In [1]:
import re
import torch
from torch import nn
from torch.nn import functional as F
from torch.utils.data import DataLoader
from torch.utils.data import random_split
import pytorch_lightning as pl
from transformers import BertTokenizer, BertForMaskedLM
import random
from string import ascii_letters
from datasets import Dataset
from pytorch_lightning.loggers import TensorBoardLogger

  from .autonotebook import tqdm as notebook_tqdm


In [2]:
from lightning_bert import *

In [3]:
def map_text(items):
    result = tokenizer(list(
        map(replace_augment, items["input"])), truncation=True, padding="max_length")
        
    target = tokenizer(
        items['input'], truncation=True, padding="max_length")
    result['target_ids'] = target["input_ids"]
    result['target_attention_mask'] = target["attention_mask"]

    return result

In [4]:
tokenizer = BertTokenizer.from_pretrained("bert-base-uncased")

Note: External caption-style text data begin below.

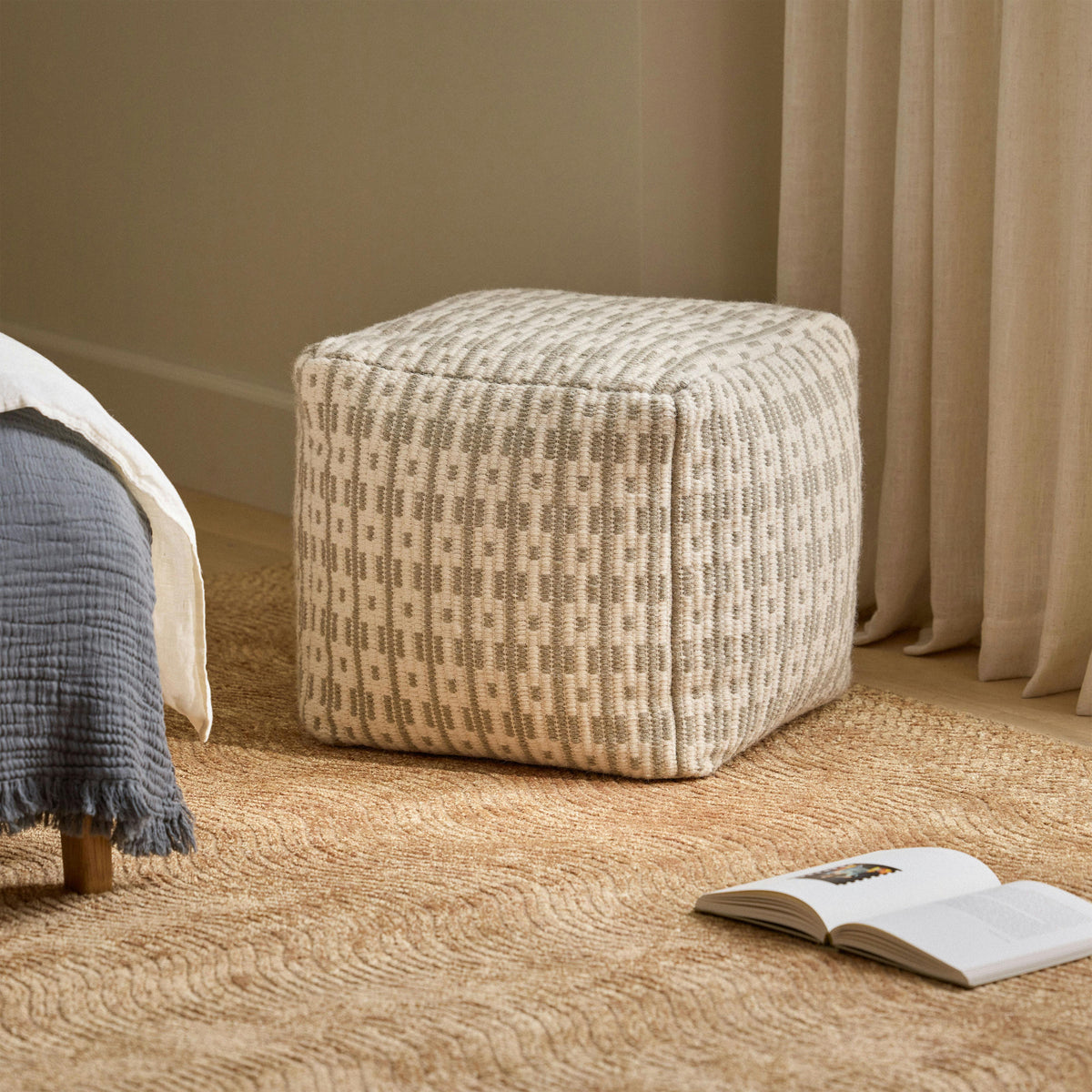 Mia 18" Pouf - Doe Taupe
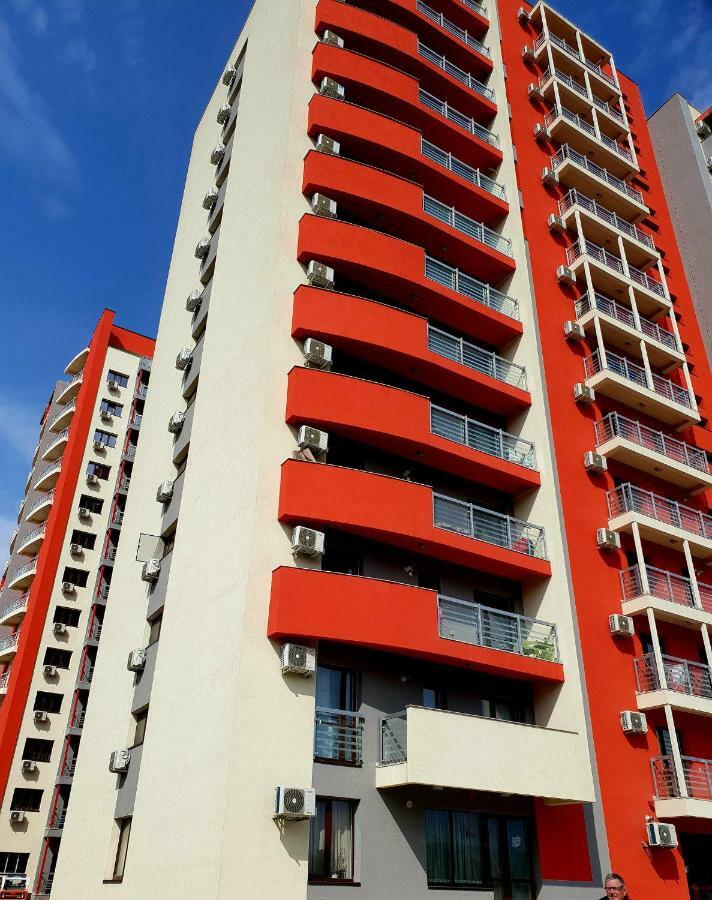 Unique Hotel Apartments ยาช ภายนอก รูปภาพ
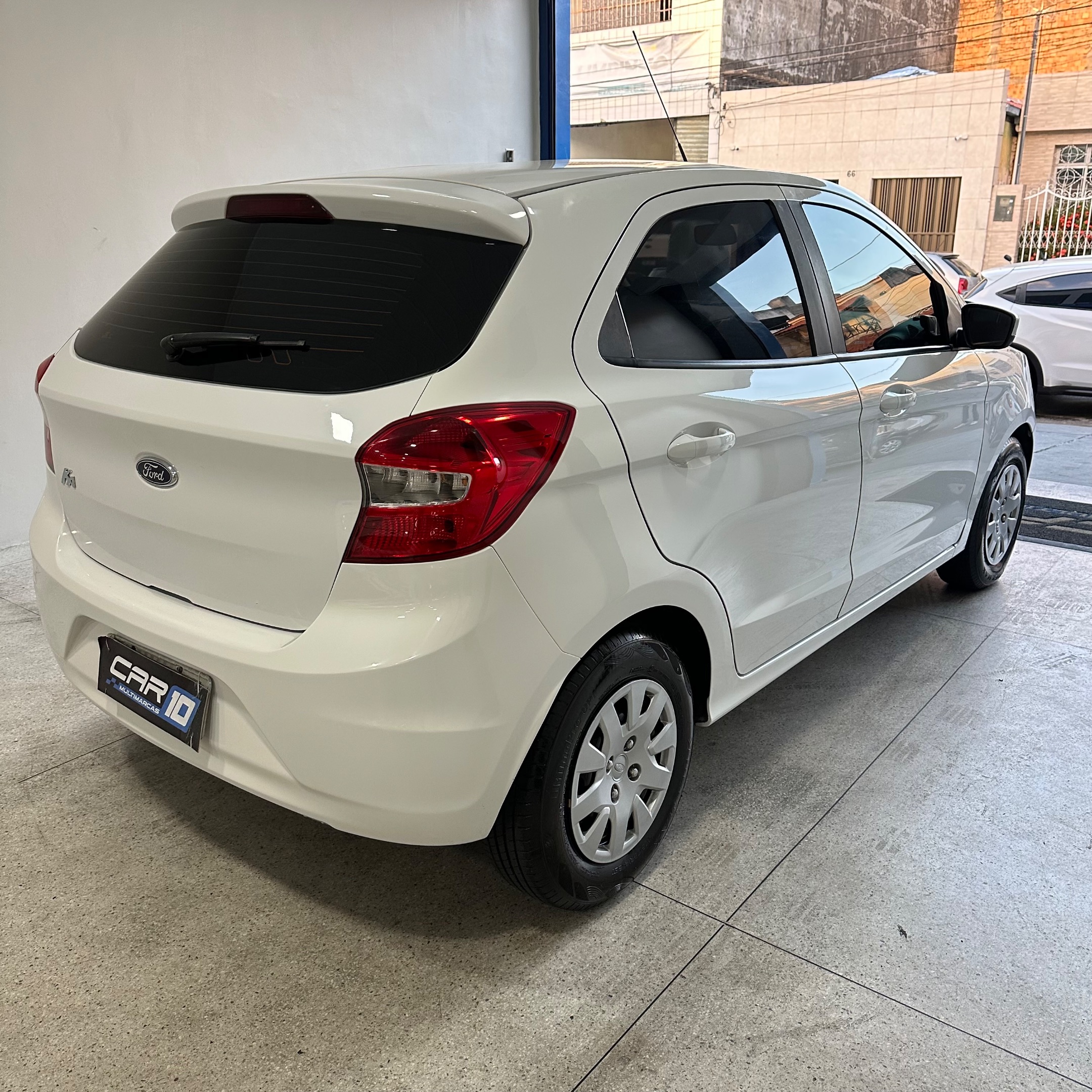 FORD KA 4
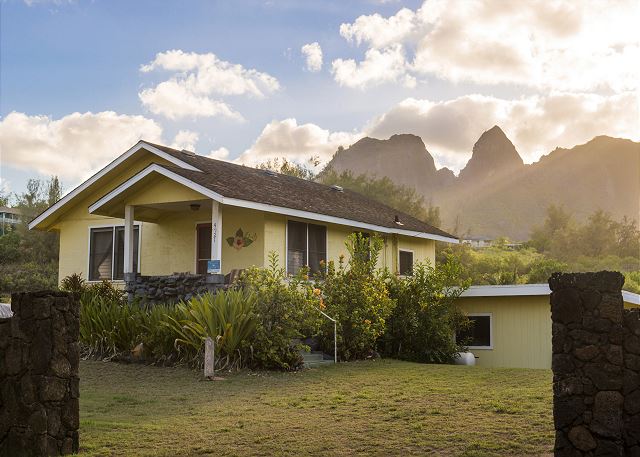 Vintage Planation Cottage on Aliomanu Bay. Enjoy majestic Kalalea Mountain views and ocean views from this cozy beach cottage.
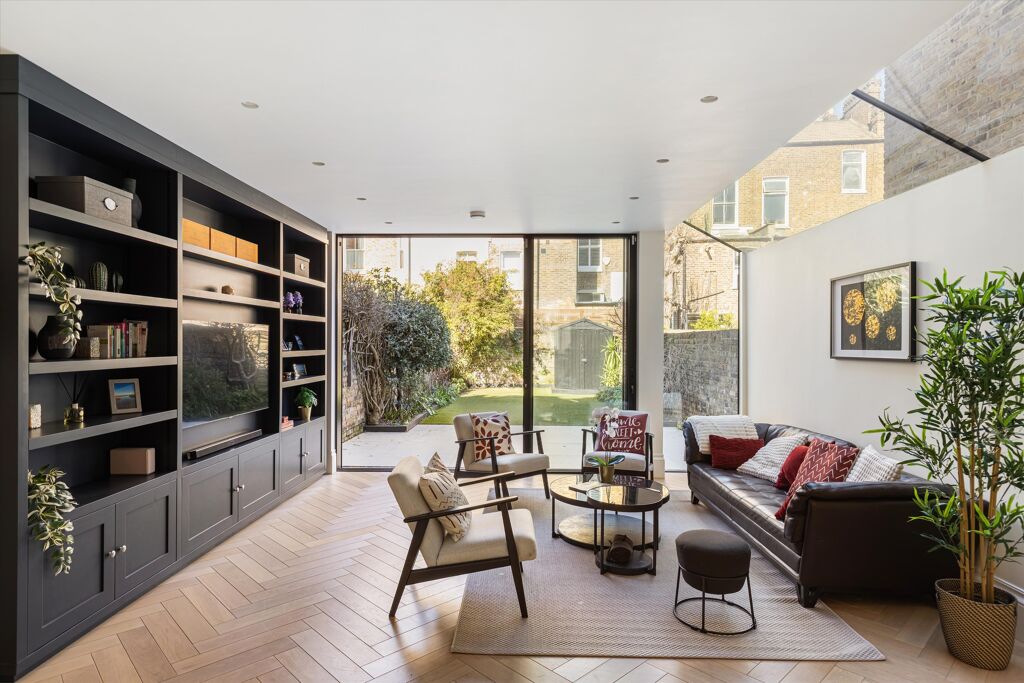 Image of Batoum Gardens, London, W6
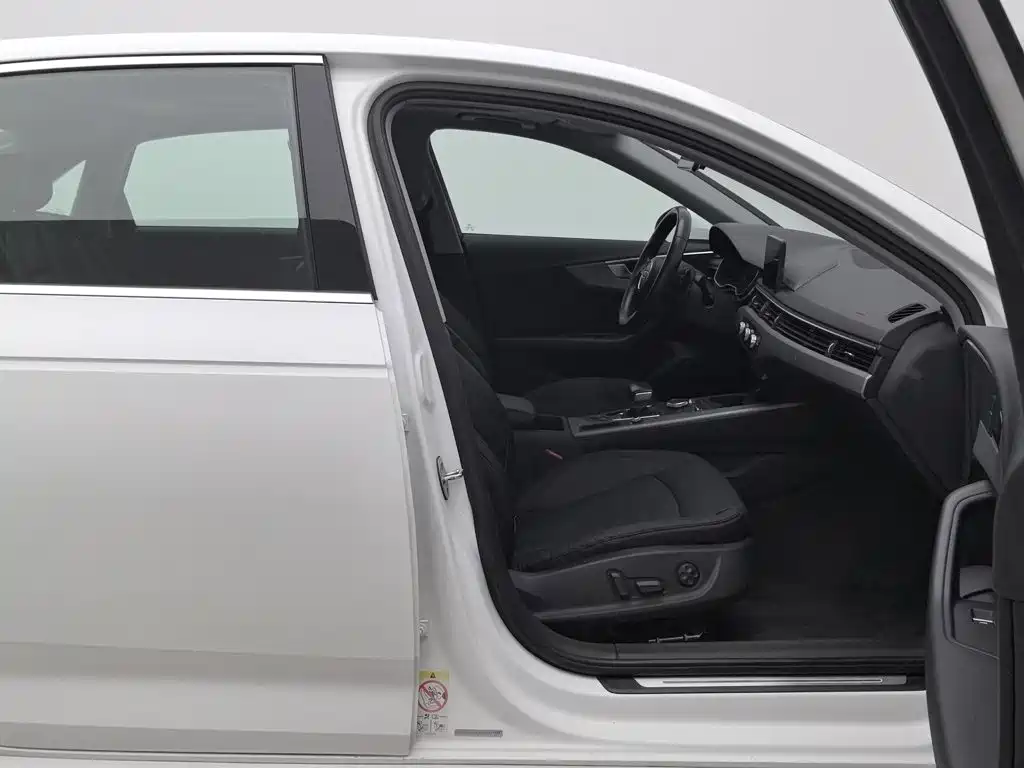 Audi A4L — миниатюра 23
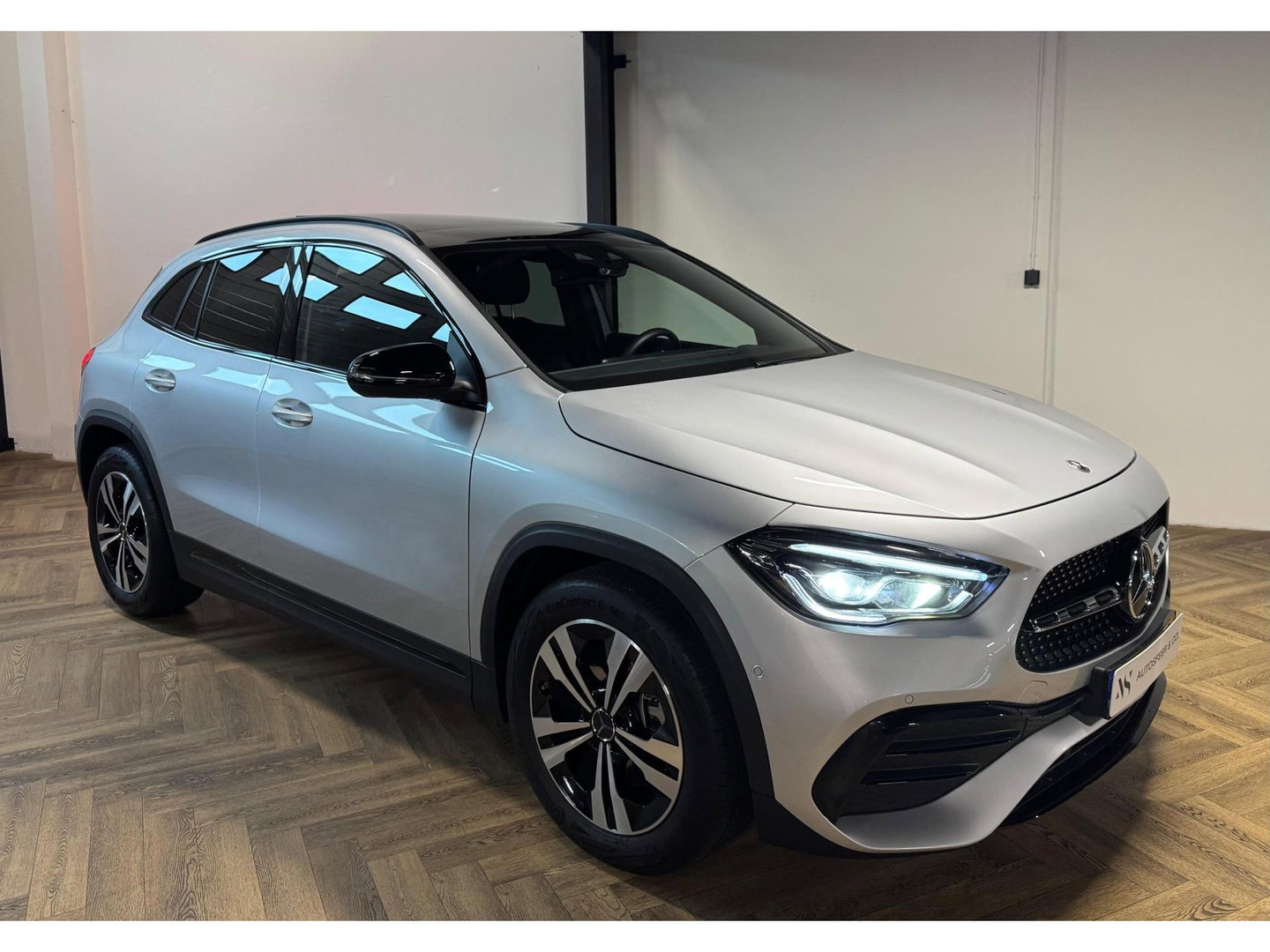 Mercedes-Benz GLA 220 d PANO KEYLESS CAM
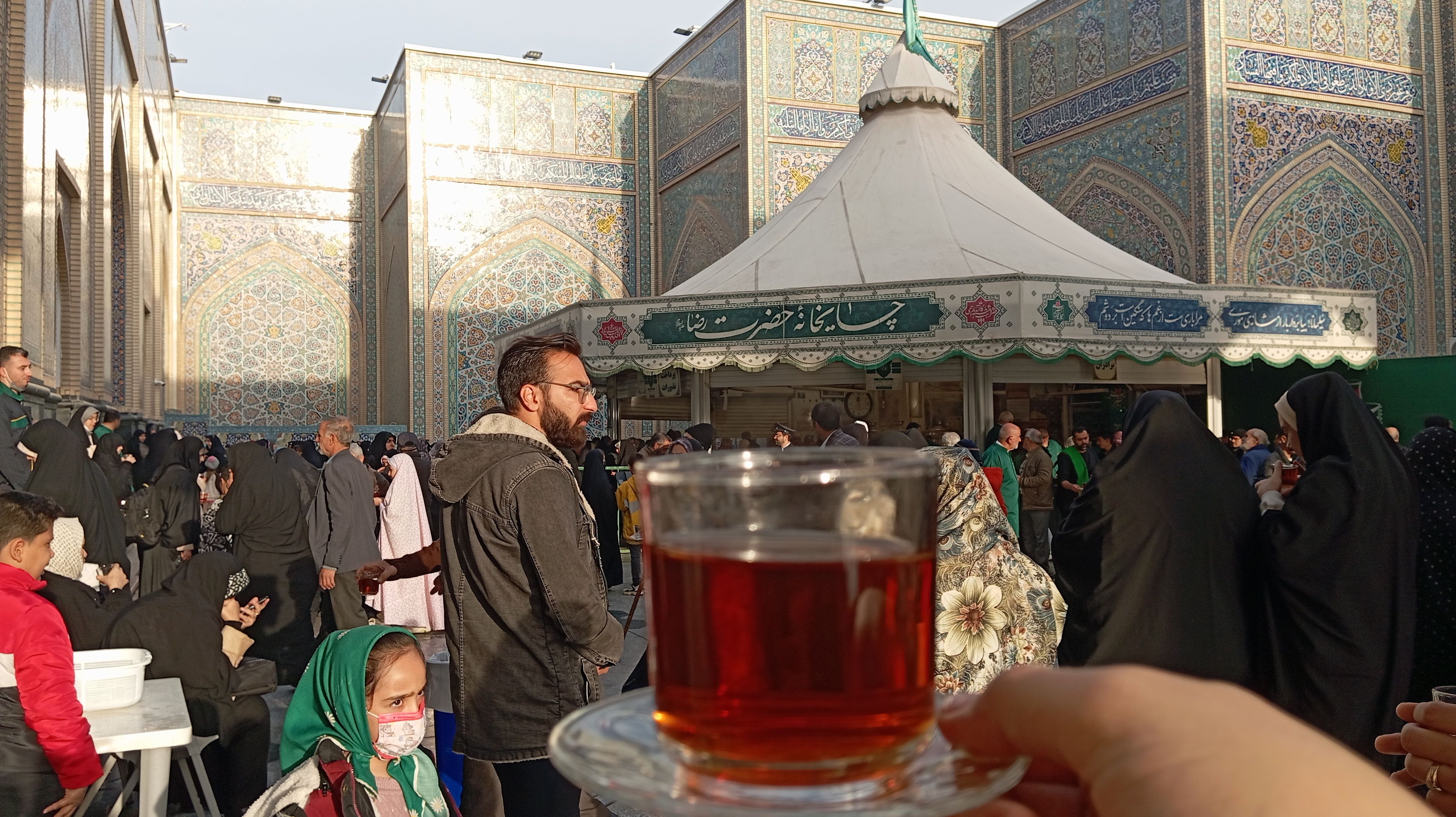 پذیرایی از زائران علی ابن موسی الرضا (ع)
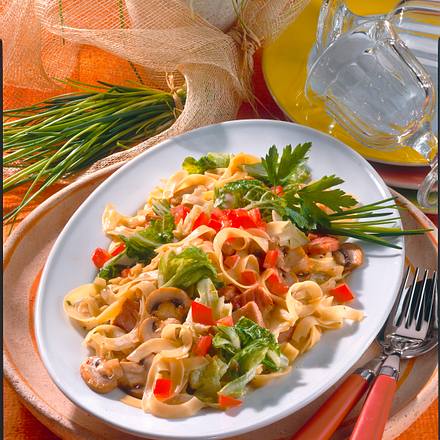 Nudeln in Pilzsoße mit Chinakohl Rezept Nudeln in Pilzsoße mit Chinakohl Rezept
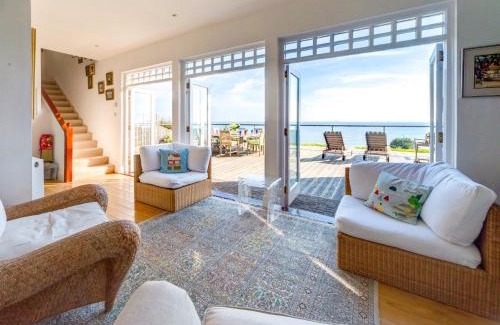 Seaview House | 5 Bed in Seaview 93445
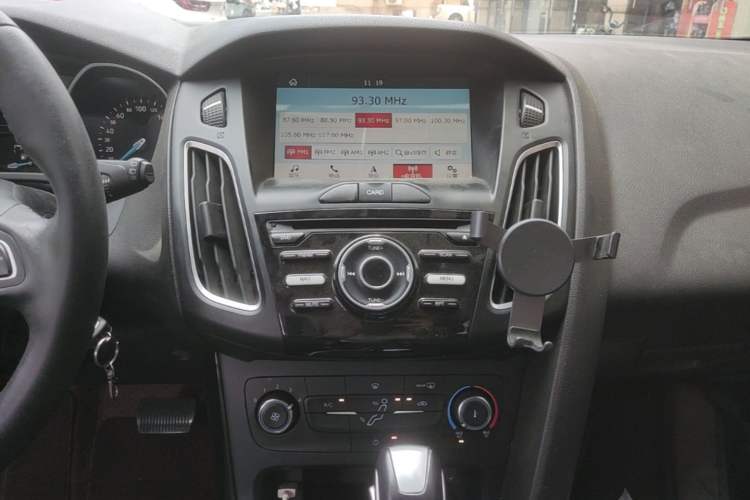 Used Ford Focus 2018 Hatchback Classic 1.6L Automatic Trendy SmartDrive Edition Audio And AC Panel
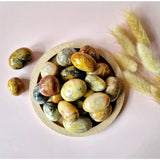 Edelsteen Crazy Mexican Agate Handstenen, 5–7 cm polished palm stones in a wooden bowl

texts = load_data("en.txt")
texts = [text.lower() for text in texts]
my_dict = {"input":texts}
dataset = Dataset.from_dict(my_dict)
dataset = dataset.map(map_text, batched=True,num_proc=4)
dataset = dataset.remove_columns("input")
dataset.set_format(type='torch', columns=['input_ids', 'token_type_ids', 'attention_mask', 'target_ids', 'target_attention_mask'])

dataset = dataset.train_test_split(test_size=0.2)

train_dataloader = DataLoader(dataset["train"], shuffle=True, batch_size=8)
test_dataloader = DataLoader(dataset["test"], batch_size=16)



#0:   0%|          | 0/3 [00:00<?, ?ba/s]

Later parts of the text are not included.